Use and Care of Spinning Chain
The spinning chain is basically a strong, efficient working tool. However, overloading, faulty rigging, or general mishandling can render it unsafe, causing possible damage to valuable equipment or injury to operating personnel.
To ensure chain safety, constant vigilance must be maintained to see that chains are correctly applied, properly maintained and periodically inspected.
1. The spinning chain shall not be used wholly or in part with any cathead except as a spinning line. Do not use for loads, tying snatch blocks, or as slings, etc.
2. Spinning chain shall not be used in any spinning line with an automatic cathead unless such cathead is equipped with a manually operable cathead clutch or other device adequate to keep the rotation of the cathead under control at all times it is in use. Such clutch or device shall be of a type that will automatically release when not manually held in the engaged position.
3. Every chain used in a spinning line should have a fiber tail rope, 8” in length, securely fastened to the end of the chain at the pipe. When such spinning line is being used to rotate a pipe, the employee handling the pipe end of the line, shall hold onto the tail rope and not to the chain. A long tail rope has caused many broken, mashed, and bruised arms, fingers, etc. This is caused by the tail rope getting a hitch or wrap on a man’s hand.
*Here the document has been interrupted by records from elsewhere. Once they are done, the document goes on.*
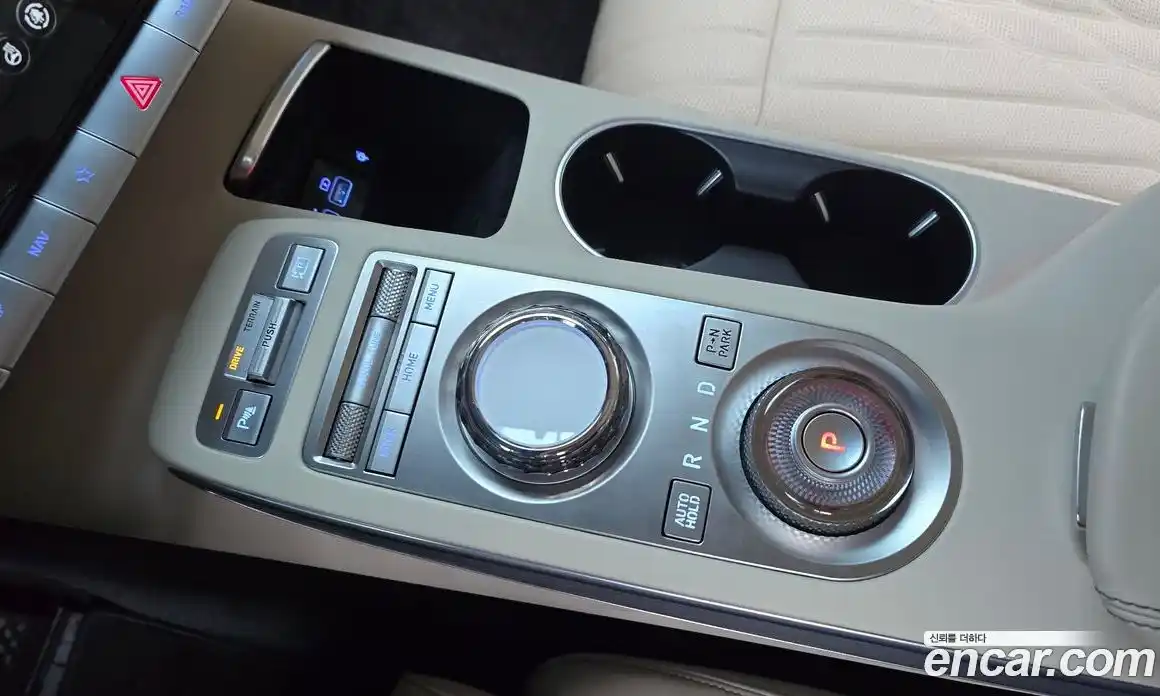 Genesis GV70 2023 3.5 автомат (гидро), фото 12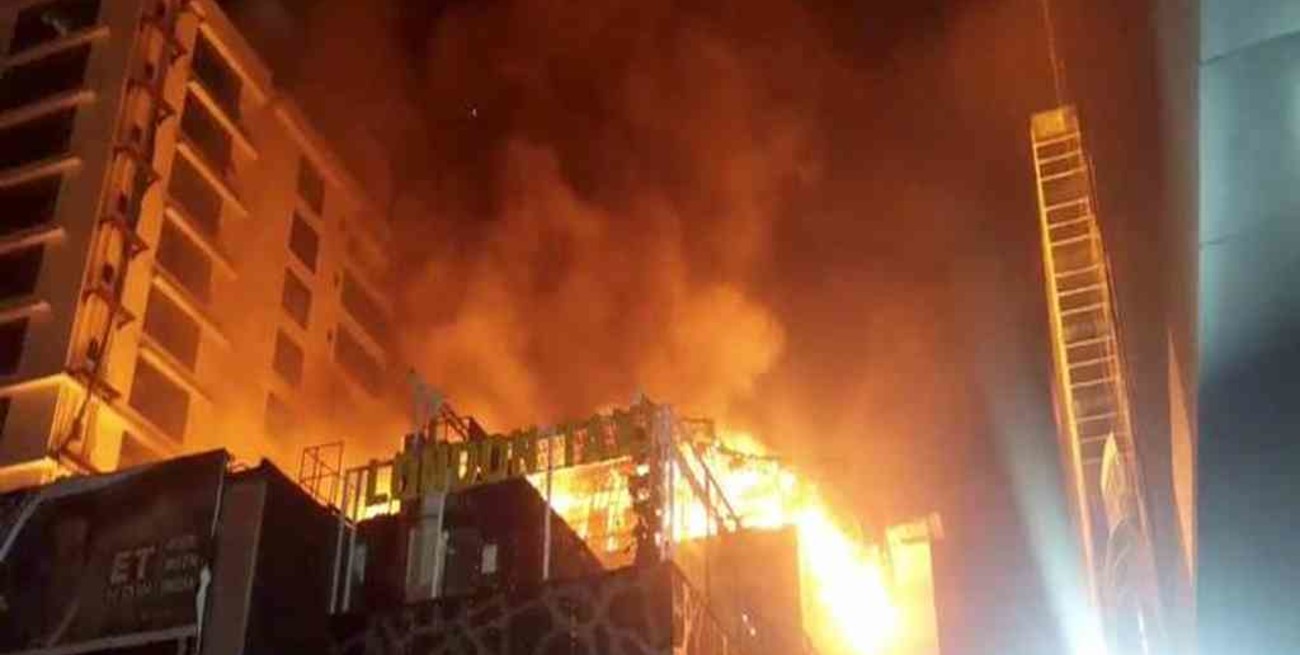 India: al menos once muertos al incendiarse un hospital para enfermos de coronavirus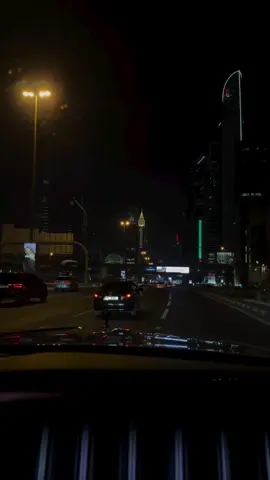 Dubai at night✨🌃 #creatorsearchinsights #dubai #tiktokviral #pourtoi  #emirates 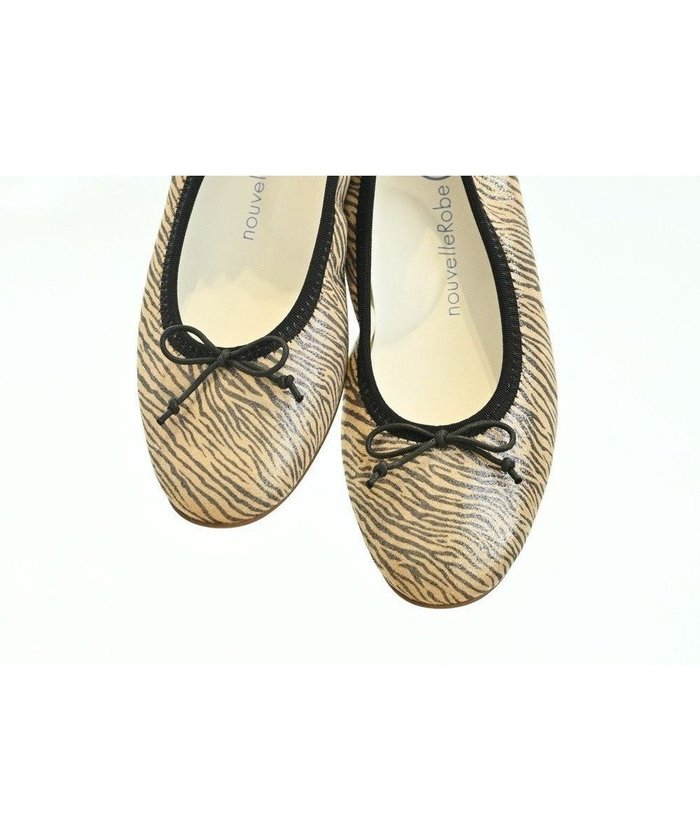 【ヌーベルローブオウ/nouvelleRobe Ou】の【本革・高反発】Round ラウンドトゥ ゼブラ柄バレエシューズ インテリア・キッズ・メンズ・レディースファッション・服の通販 founy(ファニー) https://founy.com/ ファッション Fashion レディースファッション Fashion for Women クッション Cushion, Throw Pillow 抗菌 Antibacterial, Bacteria-Resistant シューズ Shoes, Footwear バレエ Ballet, Ballet Style フィット Fit, Slim Fit フラット Flat, Flat Shoes メタリック Metallic, Shiny Finish ラウンド Round, Round Neck おすすめ Recommended / Our Picks |ID: prp329100004591384 ipo3291000000033655952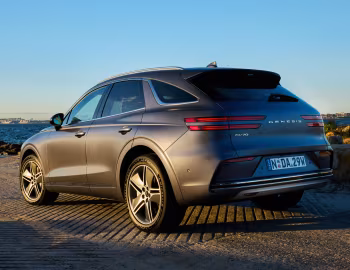 Genesis Electrified GV70 [Australia] '2025–pr.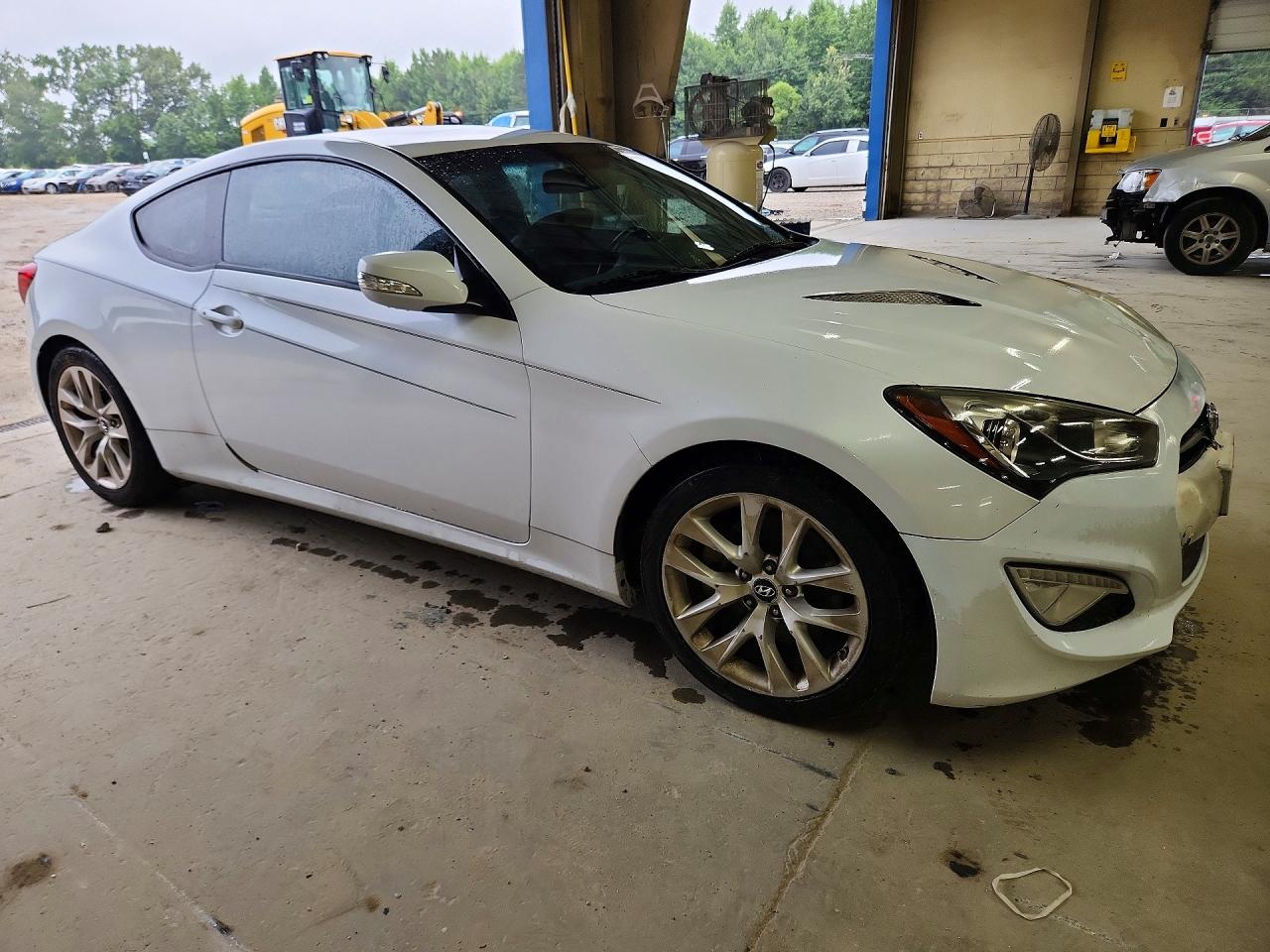 2014 Hyundai Genesis Coupe 3.8l White vin: KMHHU6KJ3EU116837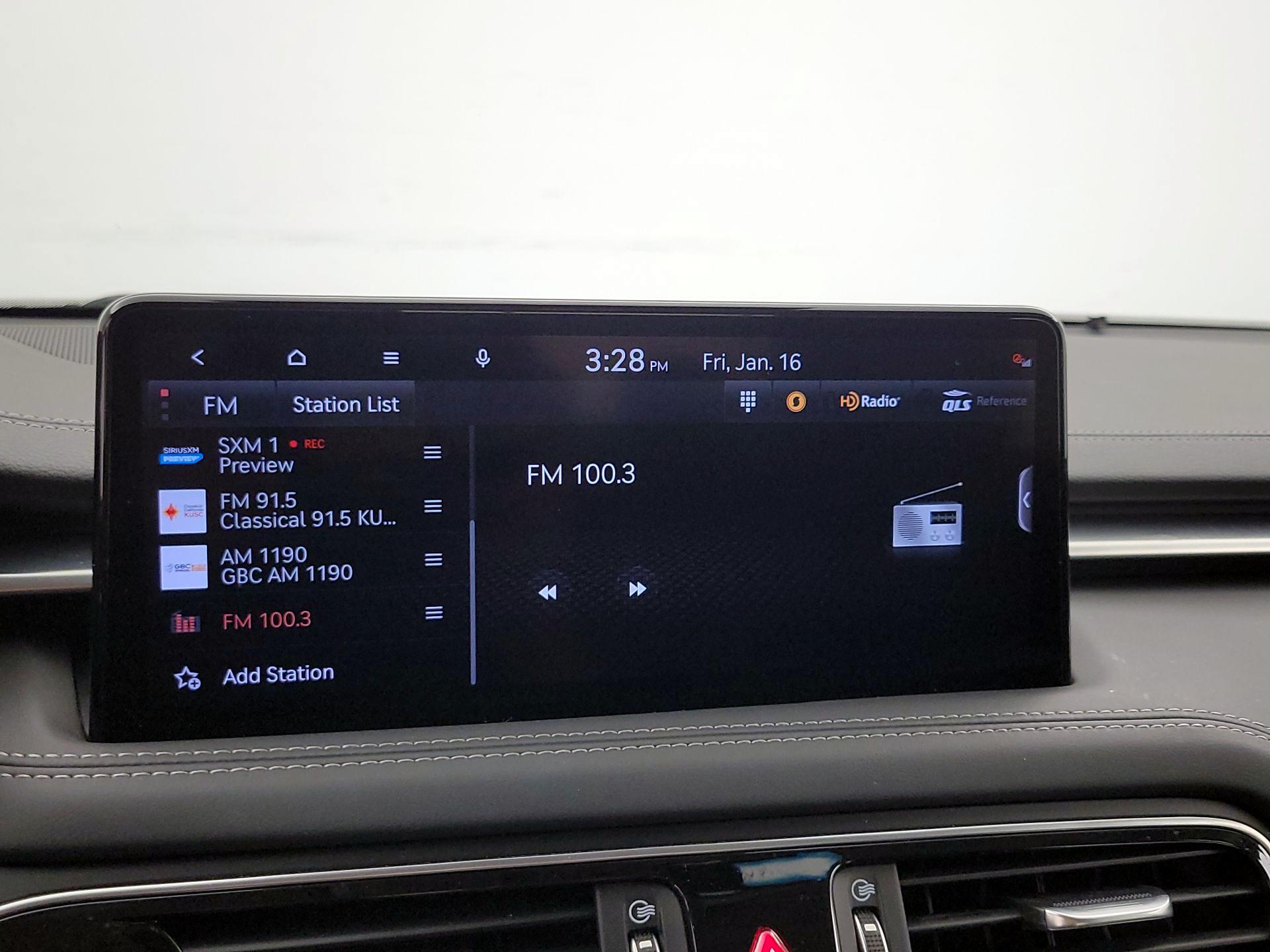 Thumbnail: 2022 Genesis G70 - 16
4. A spinning line that contains chain and is manually operated on a cathead, shall have a fiber rope securely fastened to the cathead end of the chain. Strength of such rope shall not exceed that of the chain. Only the fiber rope part of the line shall be permitted to come in contact with the cathead.
5. The use of a spliced chain, either new or old, in any spinning line is prohibited.
6. Before an employee is required or permitted to use a spinning line that contains chain, he shall be given adequate instructions in its safe use.
7. A chain having a broken or distorted link, or a link with the metal reduced by wear at any point to less than 90% of its original cross section area, shall be discarded at once from further use as a spinning line or any other use.
Check each link — the following are danger signs:
a) Twisted and bent links
b) Cracks in any section of the link
c) Marks, scores or nicks
d) Pits from corrosion
e) Lifted fins, usually caused by over loads
f) Wear at bearing points
g) Stretched links
h) Binding, caused by link collapse at the sides because of stretch or by being crushed under a load
8. Using the spinning chain:
a) See that other crewmen are in the clear when throwing.
b) Keep links out of heels of tong jaws.
c) Keep chain above the pin end of the pipe.
d) Use enough wraps to prevent slipping.
e) When chain is caught between tool joints – remove by hand, not by jerking the cathead lever. Be sure that the driller has released the cat head lever and removed his hand from the lever control before attempting to pull the chain from the tool joints.
f) Do not run cathead too fast when making up drill pipe.
g) See that the driller has all the slack out of the cathead line before he throws all the power to spin up a joint.
h) Hold the chain until the driller releases the cathead.
i) Use a long enough chain to prevent “taking away” from the back-up man.
9. Do not use a worn spinning chain for lifting or securing equipment. Worn spinning chain should be discarded.